Anyway I really liked it so I bought it.
― Quinoa Phoenix (latebloomer), Monday, 28 July 2014 17:27 (nine years ago) link
I liked this. Did a nice job in a low-key way of showing everything from an alien/alienated perspective. All of her POV shots from inside the van, where she's seeing people do things that don't register with her (chatting, going to a football game), and then the great scene on the beach where she watches people die and abandons the baby -- not out of hostility, just indifference. And the encounter with the logger on the trail, where he's asking her the same questions she always asked and she realizes how really alone she is.
I know some people thought the movie was pretentious, but I don't think there's a whole lot of pretense.
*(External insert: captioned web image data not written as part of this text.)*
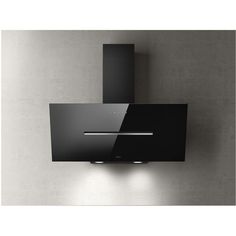 a black wall mounted oven on the side of a gray wall with two lights above it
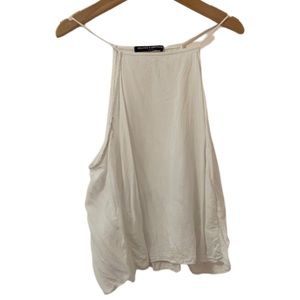 Brandy Melville white tank top. Super cute piece. It’s one size.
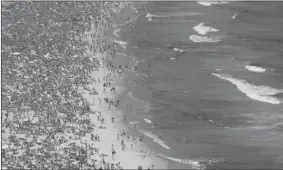  ?? ASSOCIATED PRESS FILES ?? The fabled Ipanema Beach gets very crowded, but in a city full of beaches it’s not difficult to find a secluded spot like Grumari, the furthest out and most secluded.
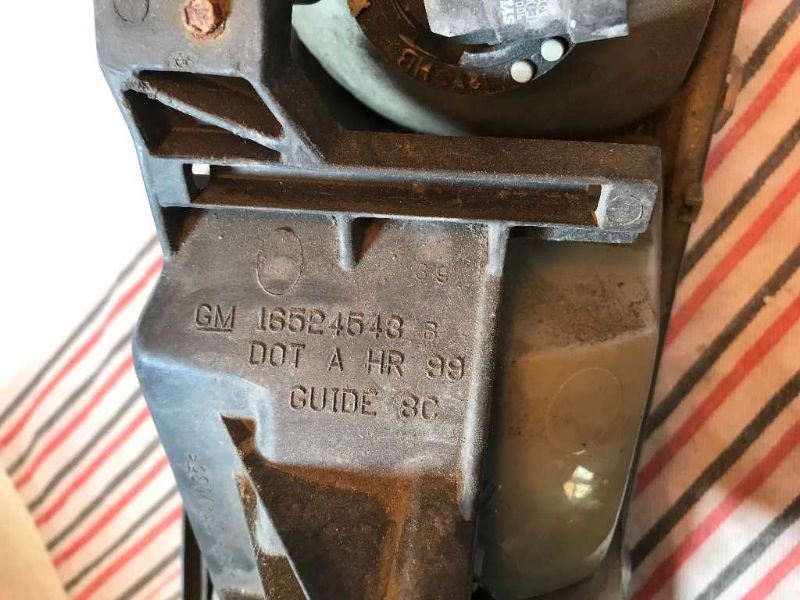 Faro izquierdo usado original (OEM) GMC Sierra 1500 1999-2006
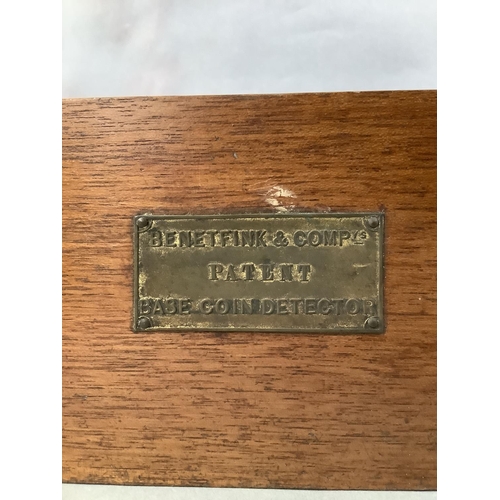 172 - A Benetfink & Company’s Base Coin Detector with patented brass counterweight system and printed inst... 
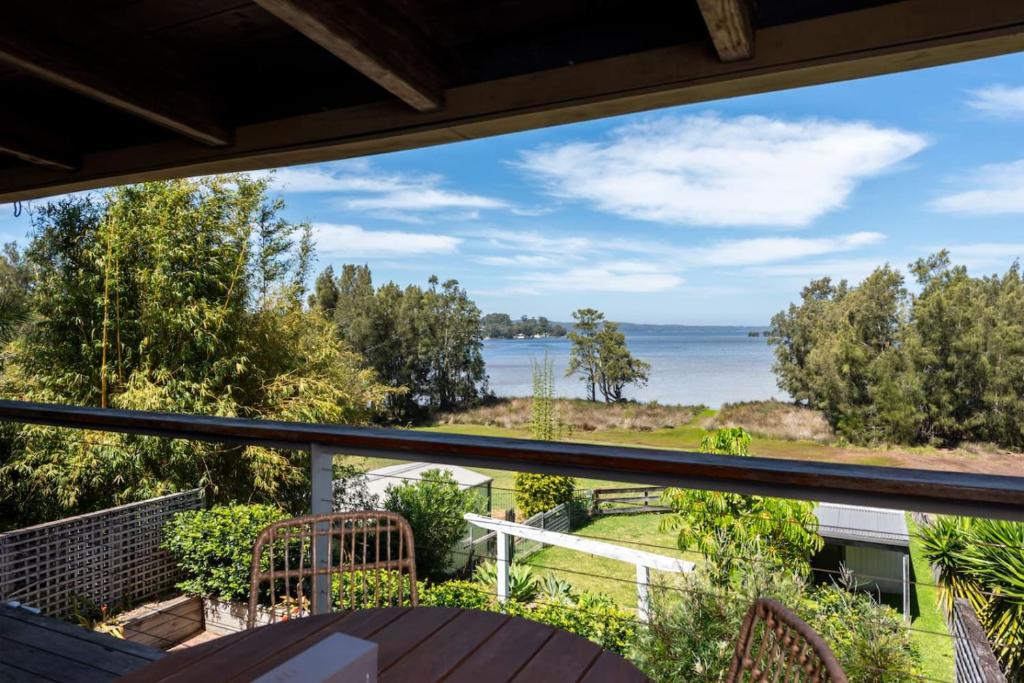 ein Balkon mit Blick aufs Wasser in der Unterkunft Stunning Big Private Waterfront Cottage in Erowal Bay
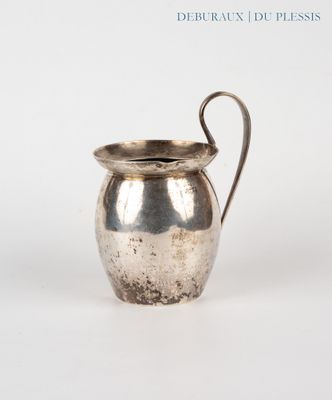 a silver pitcher with a handle on a white surface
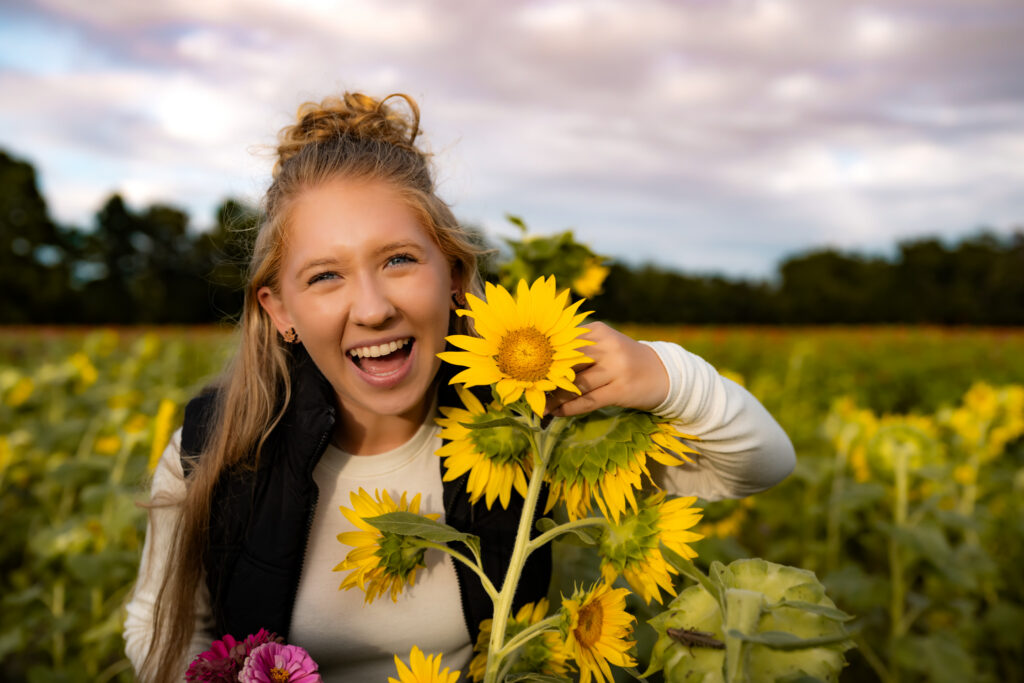 high school senior girl in a flower field, smiling with a sunflower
Nothing seemed too self-important to me, just carefully thought through and well made. (Maybe it's just the Scottish connection, but tonally it reminded me a bit of Morvern Callar.)
― something of an astrological coup (tipsy mothra), Sunday, 3 August 2014 04:06 (nine years ago) link
baby scene was hilarious
― ♛ LIL UNIT ♛ (thomp), Sunday, 3 August 2014 15:23 (nine years ago) link
Still thinking about it, watched the director's previous two films the subsequent nights after seeing it (had already seen Sexy Beast, a friend I was with the whole time hadn't though) and immediately read the book. That's quite an effect.
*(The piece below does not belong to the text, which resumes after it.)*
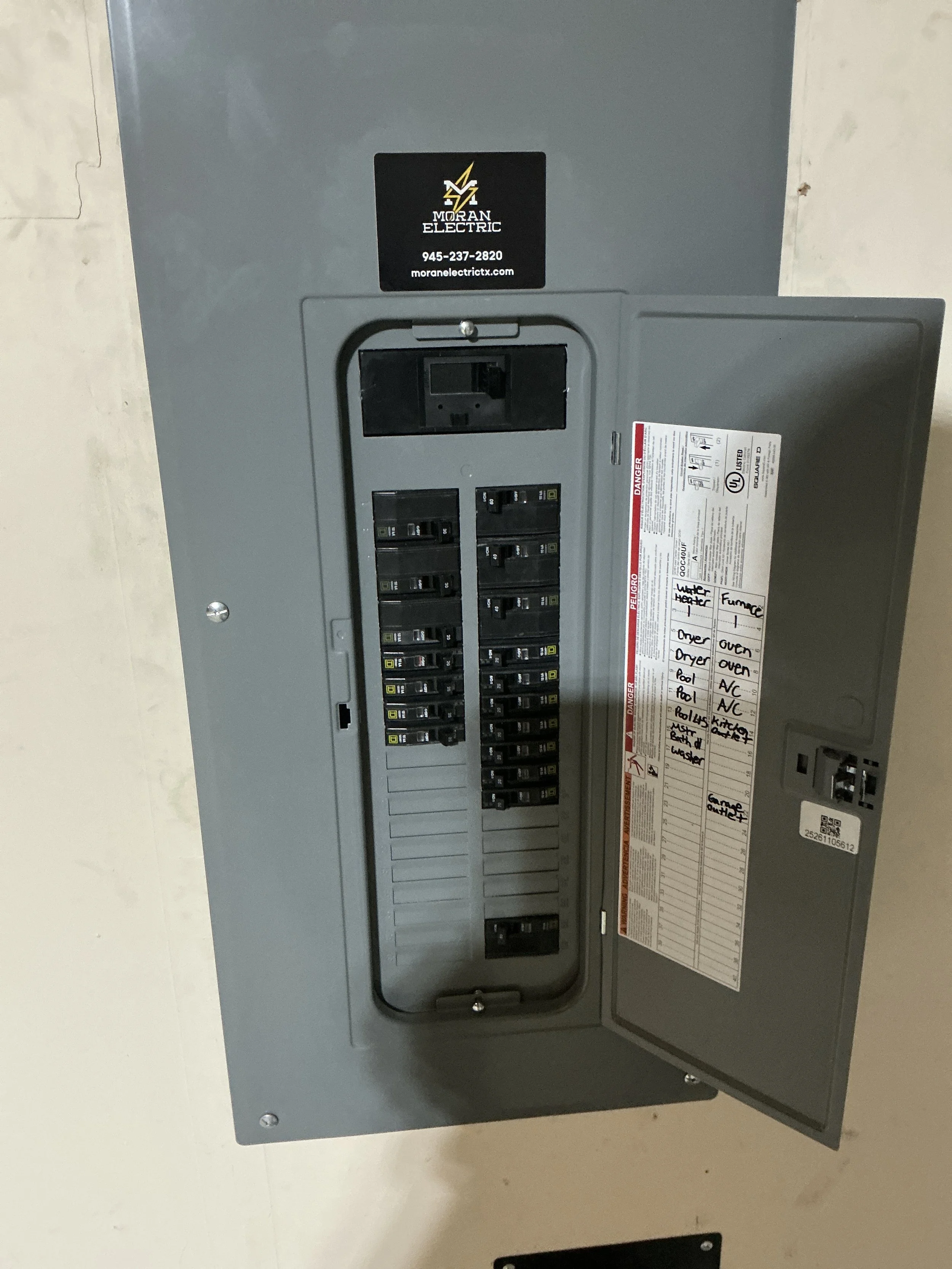 Electrical breaker box with labels for kitchen appliances and water heater, mounted on a wall.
― poop will eat itself (S-), Tuesday, 5 August 2014 15:14 (nine years ago) link
baby scene was hilarious― ♛ LIL UNIT ♛ (thomp), Sunday, August 3, 2014 4:23 PM (2 days ago) Bookmark Flag Post Permalink
Fuckin' A, once you have a baby watch it again - literally the exact scientific opposite of hilarious
― Walter Galt, Tuesday, 5 August 2014 15:41 (nine years ago) link
I had a weird moment this week where I was talking to this guy who was explaining that Scarlett Johannson had replaced Samantha Morton in the main role of this movie, but then I realized he was actually talking about 'Her,' and *then* it dawned on me that there is another movie from the late 90s called "Under the Skin" starring Samantha Morton and then I suddenly drowned, be-bonered, in some black liquid
― Walter Galt, Tuesday, 5 August 2014 15:44 (nine years ago) link
I was cringing like crazy at the entire family death scene
― mh, Tuesday, 5 August 2014 16:01 (nine years ago) link
xpost Which is perfect, given the Morvern Callar echoes.
― Josh in Chicago, Tuesday, 5 August 2014 16:32 (nine years ago) link
yeah that scene is almost unbearably cruel.
― (The Other) J.D. (J.D.), Tuesday, 5 August 2014 17:55 (nine years ago) link
probably a big reach but I felt there were some echoes between that scene and the climax--the infant's "mute" lack of speech, helplessness, etc. some common lack of personhood.